WORK ORDER: Find the line holding "Profile image of Suguru Geto" in the entries below. Give it again exactly, along with every line after it up to and including the line holding "Mercedes E-class W213".

Brief descriptive captions
--- --- ---
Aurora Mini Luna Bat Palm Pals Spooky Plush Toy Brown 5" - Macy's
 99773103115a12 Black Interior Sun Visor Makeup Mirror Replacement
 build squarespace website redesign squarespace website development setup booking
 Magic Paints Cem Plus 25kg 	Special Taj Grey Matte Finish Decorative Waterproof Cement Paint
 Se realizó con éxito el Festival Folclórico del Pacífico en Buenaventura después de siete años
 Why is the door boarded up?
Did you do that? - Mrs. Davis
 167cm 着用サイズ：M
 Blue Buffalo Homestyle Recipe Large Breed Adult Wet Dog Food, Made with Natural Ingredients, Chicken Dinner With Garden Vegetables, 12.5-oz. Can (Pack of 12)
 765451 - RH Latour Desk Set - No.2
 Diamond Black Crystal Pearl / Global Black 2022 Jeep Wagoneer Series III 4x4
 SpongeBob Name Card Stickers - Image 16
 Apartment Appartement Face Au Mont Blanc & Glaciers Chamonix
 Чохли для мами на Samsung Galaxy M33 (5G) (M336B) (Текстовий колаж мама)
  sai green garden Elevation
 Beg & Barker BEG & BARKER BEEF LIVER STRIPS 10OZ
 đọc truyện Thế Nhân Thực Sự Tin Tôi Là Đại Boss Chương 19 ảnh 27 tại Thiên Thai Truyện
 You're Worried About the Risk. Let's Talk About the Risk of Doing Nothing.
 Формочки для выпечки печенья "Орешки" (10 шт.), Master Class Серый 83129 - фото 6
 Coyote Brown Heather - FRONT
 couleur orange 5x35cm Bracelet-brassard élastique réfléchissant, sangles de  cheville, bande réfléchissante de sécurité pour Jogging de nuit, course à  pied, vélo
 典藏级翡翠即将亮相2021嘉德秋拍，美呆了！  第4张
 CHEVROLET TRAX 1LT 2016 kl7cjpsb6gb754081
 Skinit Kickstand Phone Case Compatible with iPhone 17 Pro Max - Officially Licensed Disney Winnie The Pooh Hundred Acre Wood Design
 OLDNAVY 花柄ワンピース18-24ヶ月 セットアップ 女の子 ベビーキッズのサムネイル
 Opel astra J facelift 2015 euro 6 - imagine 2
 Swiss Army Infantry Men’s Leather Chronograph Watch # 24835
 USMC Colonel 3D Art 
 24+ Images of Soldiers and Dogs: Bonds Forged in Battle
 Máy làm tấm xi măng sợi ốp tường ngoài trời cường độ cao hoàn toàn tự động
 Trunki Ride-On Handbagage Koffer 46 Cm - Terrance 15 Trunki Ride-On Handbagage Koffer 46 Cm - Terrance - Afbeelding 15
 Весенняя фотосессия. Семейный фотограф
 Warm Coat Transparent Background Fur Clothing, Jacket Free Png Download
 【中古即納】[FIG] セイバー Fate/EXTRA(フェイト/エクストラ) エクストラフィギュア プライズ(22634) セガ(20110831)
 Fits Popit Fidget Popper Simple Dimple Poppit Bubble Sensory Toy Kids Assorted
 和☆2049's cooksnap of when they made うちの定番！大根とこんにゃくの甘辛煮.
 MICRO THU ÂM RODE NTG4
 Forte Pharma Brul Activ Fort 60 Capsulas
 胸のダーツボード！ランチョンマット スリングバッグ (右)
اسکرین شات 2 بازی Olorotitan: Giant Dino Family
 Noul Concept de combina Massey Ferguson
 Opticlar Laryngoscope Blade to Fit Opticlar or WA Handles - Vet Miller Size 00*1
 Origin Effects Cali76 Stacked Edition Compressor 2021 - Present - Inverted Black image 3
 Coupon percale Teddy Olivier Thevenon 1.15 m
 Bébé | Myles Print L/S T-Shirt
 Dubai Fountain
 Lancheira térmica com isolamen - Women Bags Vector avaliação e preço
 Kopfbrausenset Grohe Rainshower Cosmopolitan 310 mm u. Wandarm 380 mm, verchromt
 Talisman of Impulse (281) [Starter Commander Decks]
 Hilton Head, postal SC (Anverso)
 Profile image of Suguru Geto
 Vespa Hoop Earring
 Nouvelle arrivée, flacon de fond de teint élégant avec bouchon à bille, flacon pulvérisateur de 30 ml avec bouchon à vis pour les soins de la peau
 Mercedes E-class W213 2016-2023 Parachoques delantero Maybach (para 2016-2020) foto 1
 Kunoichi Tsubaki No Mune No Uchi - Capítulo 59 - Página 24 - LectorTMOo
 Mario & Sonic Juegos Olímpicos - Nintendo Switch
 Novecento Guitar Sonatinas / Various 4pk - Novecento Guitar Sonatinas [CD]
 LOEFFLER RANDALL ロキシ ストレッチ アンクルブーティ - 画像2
--- --- ---
SOLVED EXERCISE:
 Profile image of Suguru Geto
 Vespa Hoop Earring
 Nouvelle arrivée, flacon de fond de teint élégant avec bouchon à bille, flacon pulvérisateur de 30 ml avec bouchon à vis pour les soins de la peau
 Mercedes E-class W213 2016-2023 Parachoques delantero Maybach (para 2016-2020) foto 1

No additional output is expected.